Three pieces of plain, lining material, two measuring approx 20cm by 30cm and one measuring approx 1 metre by 15cm

Needle and thread

Sewing machine

Small plastic bag such as a freezer bag

Sand, gravel or stones for filling

What to do:

1. Put the 15cm by 30cm piece of fabric on one side, as this is to make a handle later on. Start by matching the pieces of material together, laying a piece of lining material on the right side of the patterned material. The lining is there to stop the stones gradually wearing through the fabric.

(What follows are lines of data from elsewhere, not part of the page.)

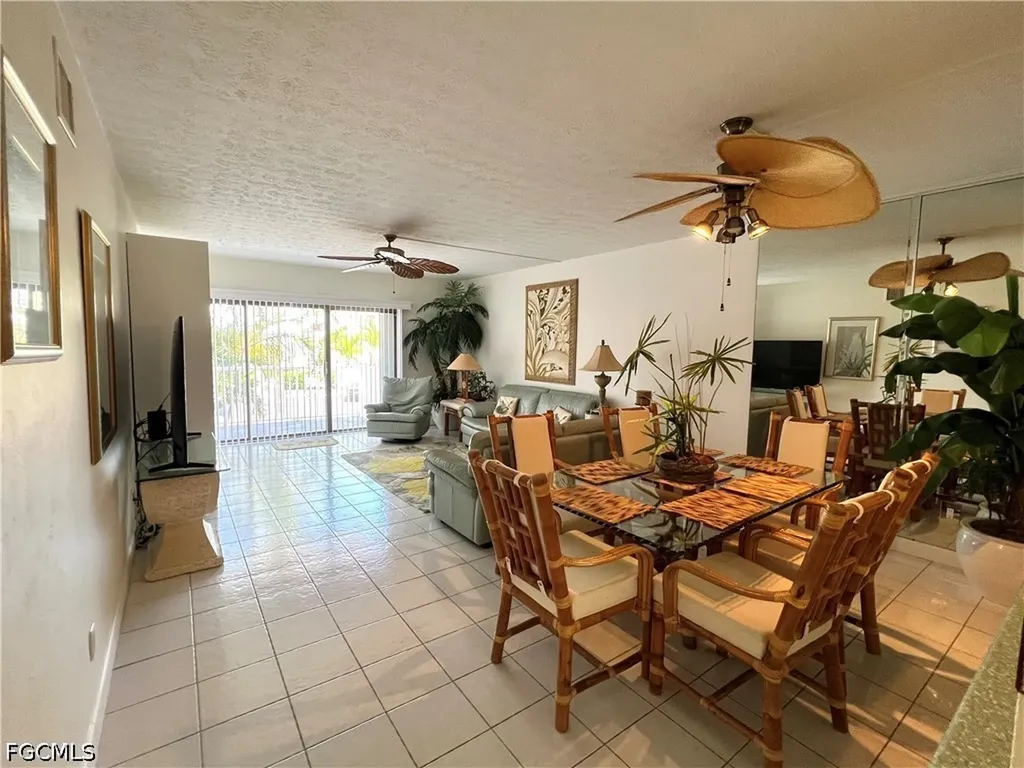 60 Pelican Street W Naples FL 34113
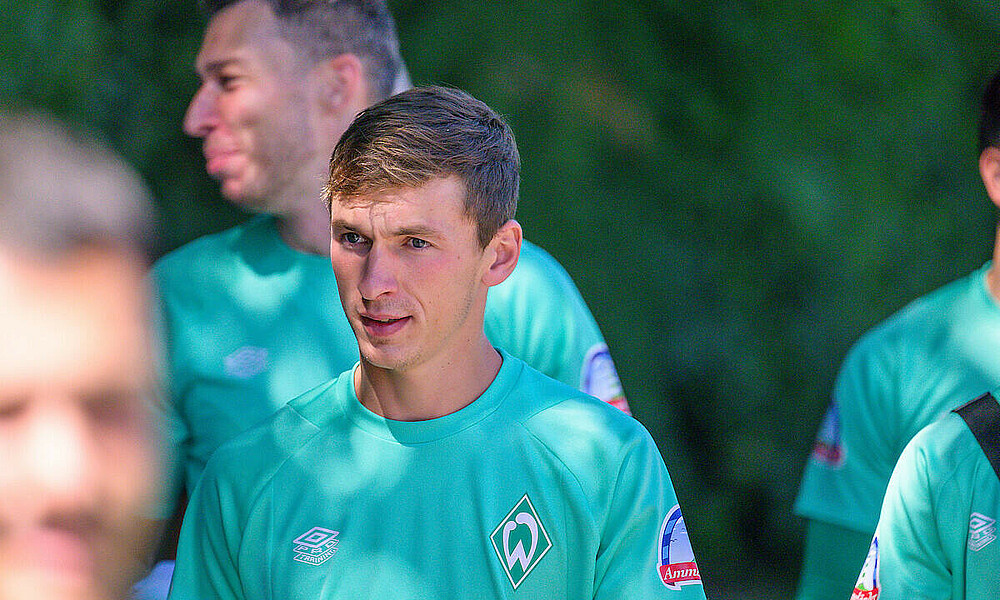 null Werder-Spieler Benjamin Goller im Trainingsoutfit.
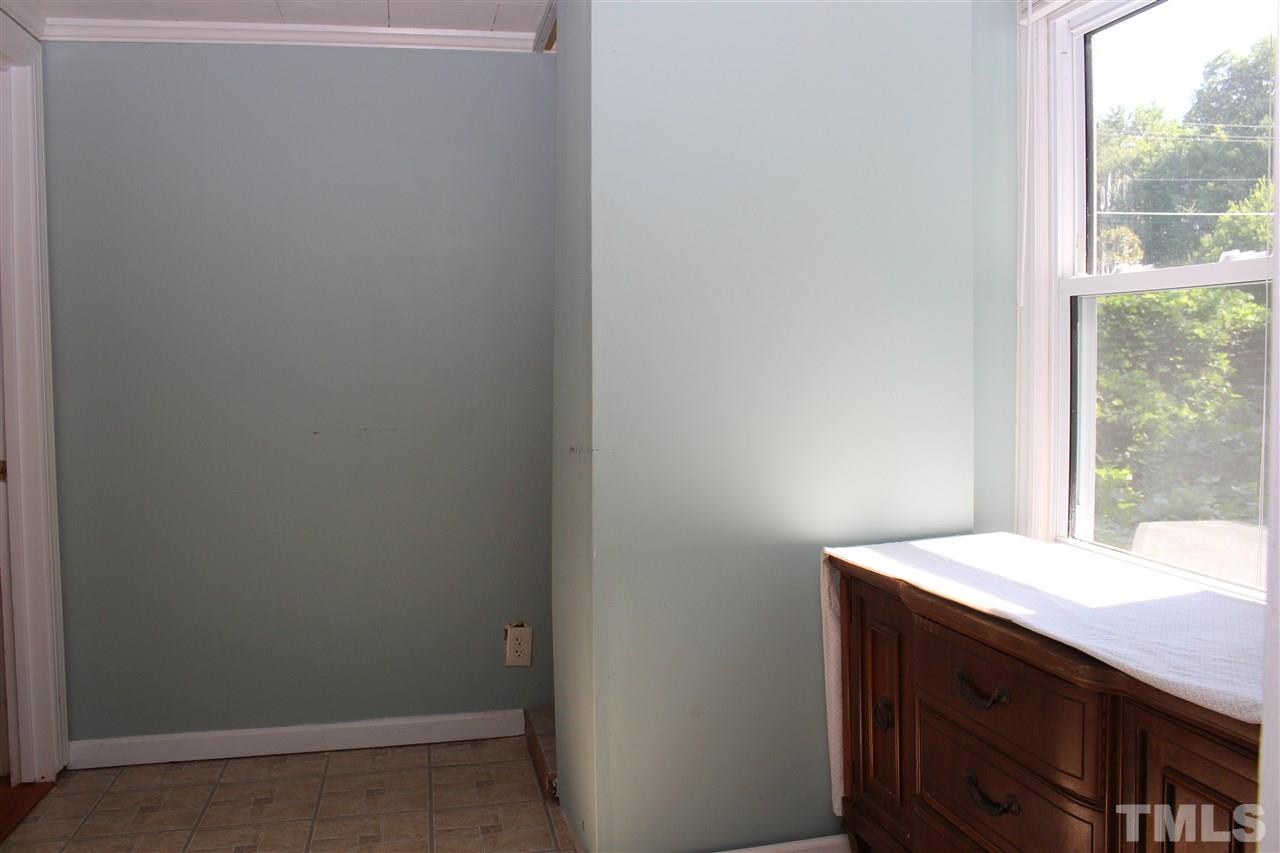 1301 Lynn Road Raleigh, NC 27612 - Photo 9 of 11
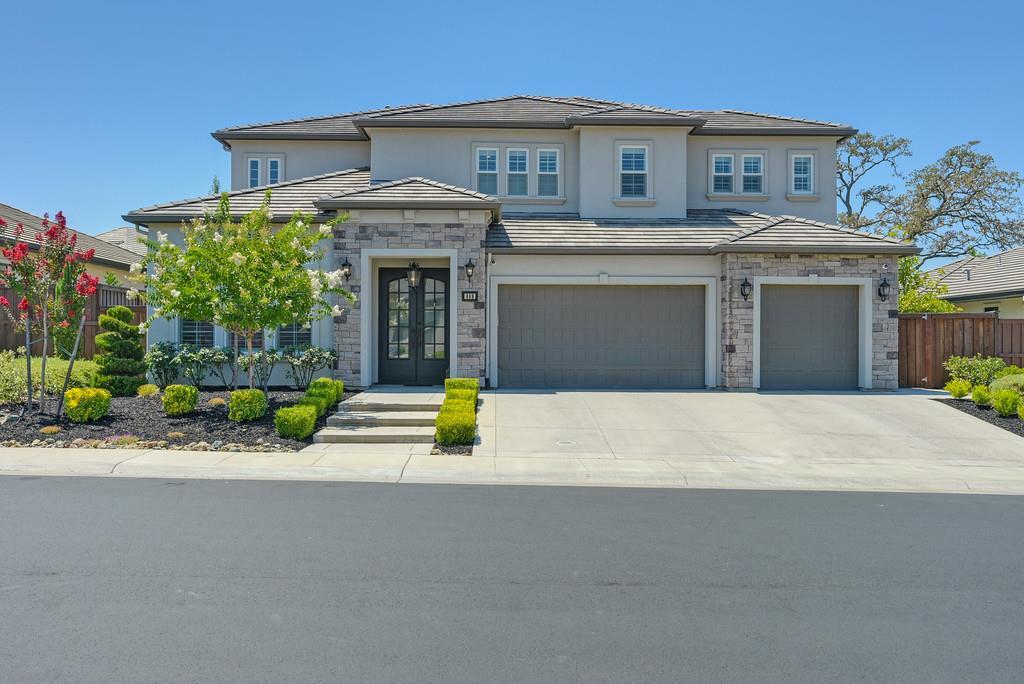 689 Oreno Circle  Folsom CA 95630 photo
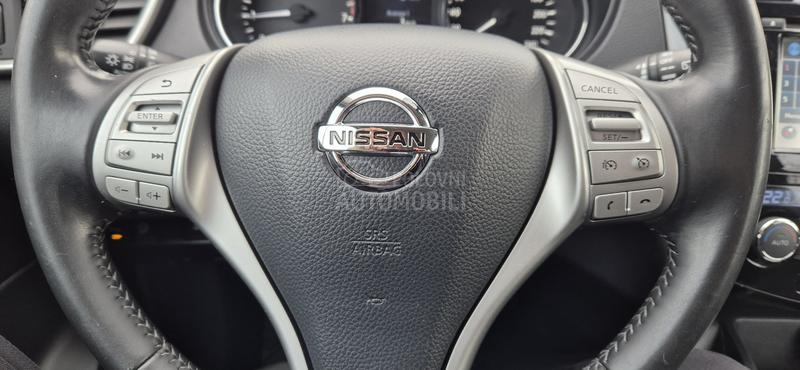 Nissan Qashqai 1.2 i NAV KAM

Pin the long strip of material to the rectangle, going all the way round

2. Lay one of the 20cm x 30cm pairs of material flat on a table, lining side down. Take the long 1m x 15cm strip, and match the edges to the edges of the fabric rectangle, starting in the middle of one short side. The ends should overlap a it. Pin into place.

Sew the seams into place, removing the pins as you go

3. Sew the seam into place. Start from one end of the long strip, and go all the way round. When you’re back at the top again, leave the last bit of the long strip unsewn where it overlaps, so you can eventually fold it in and sew it from the outside

Push the corners out firmly.

4. Repeat the process, sewing the other rectangle to the other side of the long strip to make a fabric ‘box’. Turn it the right way round through the hole in the top, made by the unsewn short edges of the long strip. Push the corners out firmly. If the sewing’s a little tight on the corners, you can ease them by making short snips with a pair of scissors in the material – don’t cut through the sewing though!

Putting the filling in a plastic bag will protect it from damp

5. Next, assemble the filling. The ideal filling is a mixture of sand and gravel, but stones will work as long as they’re not too big. Put the plastic bag inside the doorstop, working through the hole in the top, then fill it with your filling until the doorstop looks full enough and will stand up by itself. Tie or seal the bag firmly.

Sew the short seam with an overstitch

6. Now, turn in the raw edges of the short seams on top and pinch them together. There should be a gap underneath, where the handle will be threaded through. Sew the short seams by hand with a neat overstitch – don’t worry if your hand sewing is less than perfect as it won’t show too much when it’s finished.

Turn the right sides together

7. Time to make the handle. Take the reserved small strip of fabric, and fold it in half lengthways, right sides together. Machine sew down one short side and the long side, then turn it right way round (this might involve a bit of fiddling!). Use an iron to press the strip so the seam sits down the back middle and is hidden, then hand sew the remaining short end closed, folding the raw edges in neatly.

8. Pass the handle through the top of the doorstop, and hand sew the two short ends together. Pull the handle round so the sewing is hidden. When you pick the doorstop up, the handle will gather the top the material together making the whole thing into a sturdy triangle shape.

9. And, voila…..the finished doorstop!